16.11.10

Silly me!

Today I received an e-mail from my father:

My ever-inquisitive uncle was asking about the sex life of books... something I, too, have wondered about over the years.  My response was that I'd thought the dust jackets might act as prophylactics, and that the children's/young adult books were just not developed enough.

Then I started thinking: shouldn't there be fewer murder mysteries than there are?  and what could possibly explain the missing history books?

What goes on in your library?

8.11.10

Blog Challenge

(ETA: Oops!  Forgot to take this out of draft)

Another "gulp!  how can I possibly answer this one" post - "What Book Made the Biggest Impact on your Life?" Because if you're a real reader, there isn't one book, is there?  There are books that, in what ever moment and a certain time, just make so much sense that your life is in some way changed.

Hard on the heels of this prompt came Cam's tagging me on Facebook: Rules:  Don't take too long to think about it. Fifteen authors who've influenced you and that will always stick with you. List the first fifteen you can recall in no more than fifteen minutes.

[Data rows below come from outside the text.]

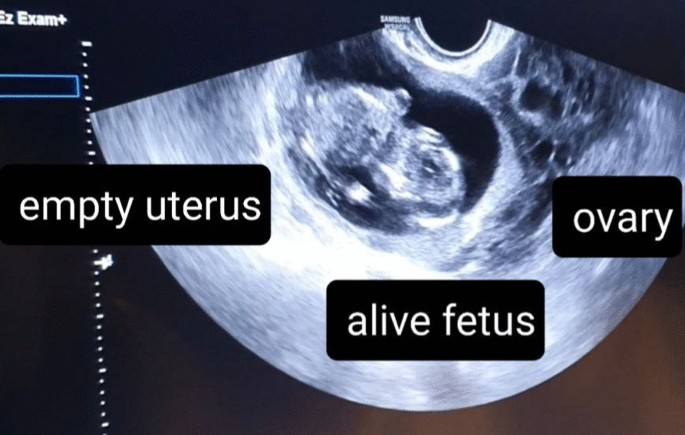 ovarian ectopic pregnancy ultrasound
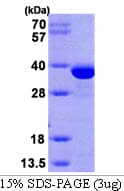 Human SULT1E1 / Sulfotransferase 1E1 Protein (Recombinant His)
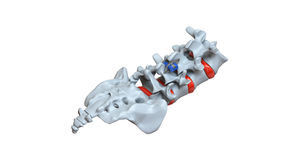 Interspinales Wirbelkörperimplantat / LWS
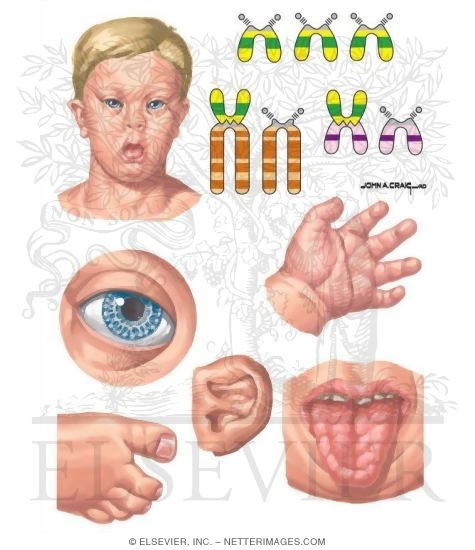 downsyndrome.jpg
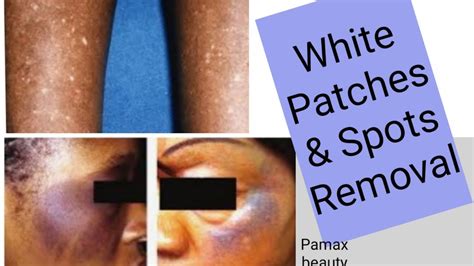 How To Get Rid Of White Patches Bleaching Cream Reactions And Unify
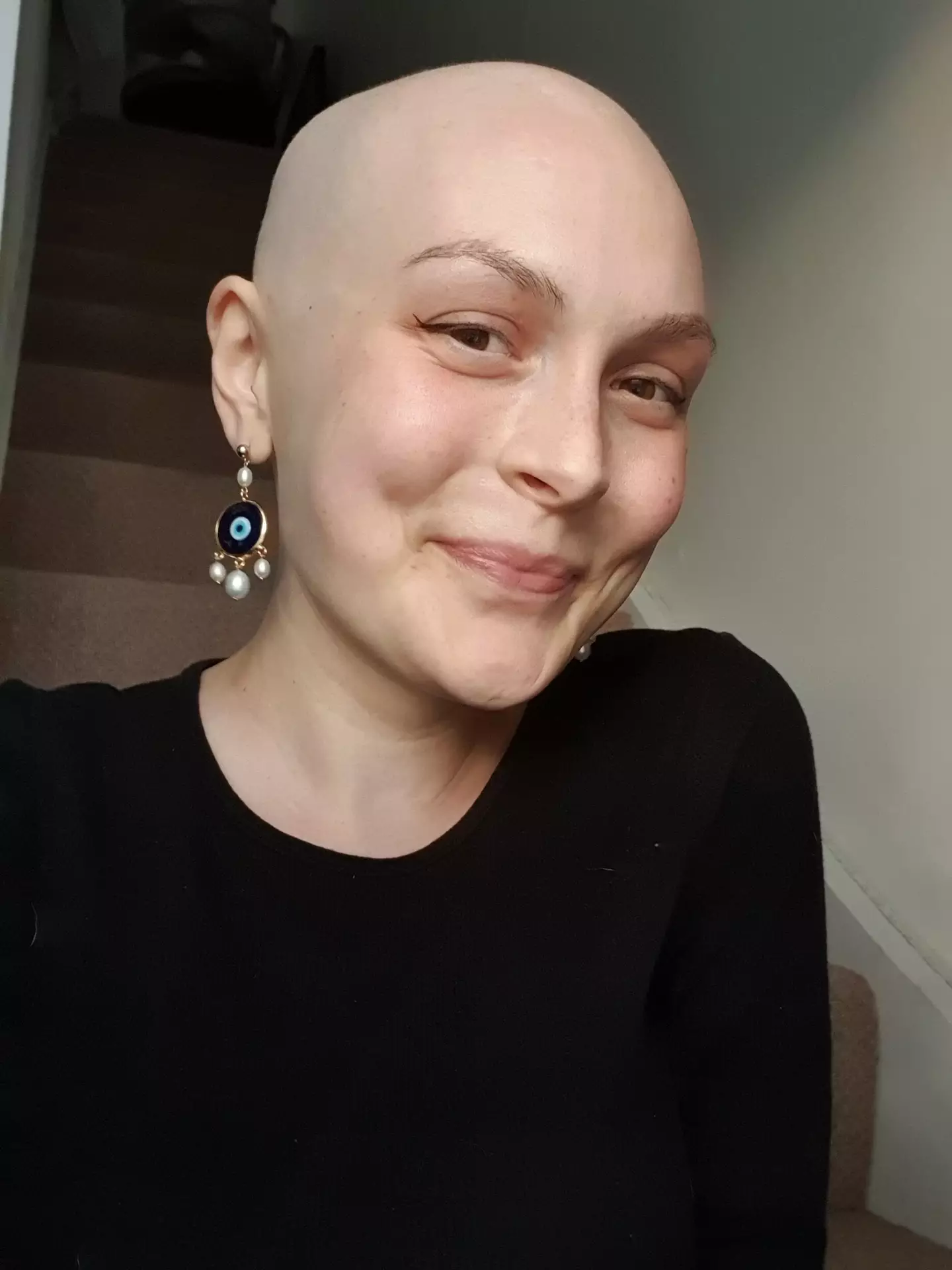 Chloe started chemotherapy as soon as she was diagnosed.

That's easier. So I'll combine the two, and in no particular order:
  1. A.S. Byatt
  2. Robinson Davies
  3. Julian Barnes
  4. Rex Stout
  5. Carolyn Keene (ok ok she's not a real author but work with me people!)
  6. S.E. Hinton's The Outsiders
  7. Abraham Kaplan's In Pursuit of Wisdom
  8. Doris Lessing's The Golden Notebook
  9. Frank de Felitta's Audrey Rose
  10. Irene Hunt's Up a Road Slowly
  11. Elinor M. Brent-Dyer
  12. Iain Banks
  13. C. S. Lewis
  14. Martha Gripe's Hugo and Josephine
  15. Noel Streatfield's Ballet Slippers
 There you have it - the authors and books I really couldn't imagine my life without; some for their ideas, some for the way in which my life was altered after reading that book. 

1.11.10

Notable Quotes

... I stared at the pictogram of a burger nestled between similar representations of shakes, sodas, and fries on the front of my register.  I wondered why humankind seemed so set on destroying all of its accomplishments.  We draw on cave walls, spend thousands of years developing complex language systems, the printing press, computers, and what do we do with it?  Create a cash register with a picture of a burger on it, just in case the cashier didn't finish the second grade.  One step forward, two steps back, like an evolutionary cha-cha.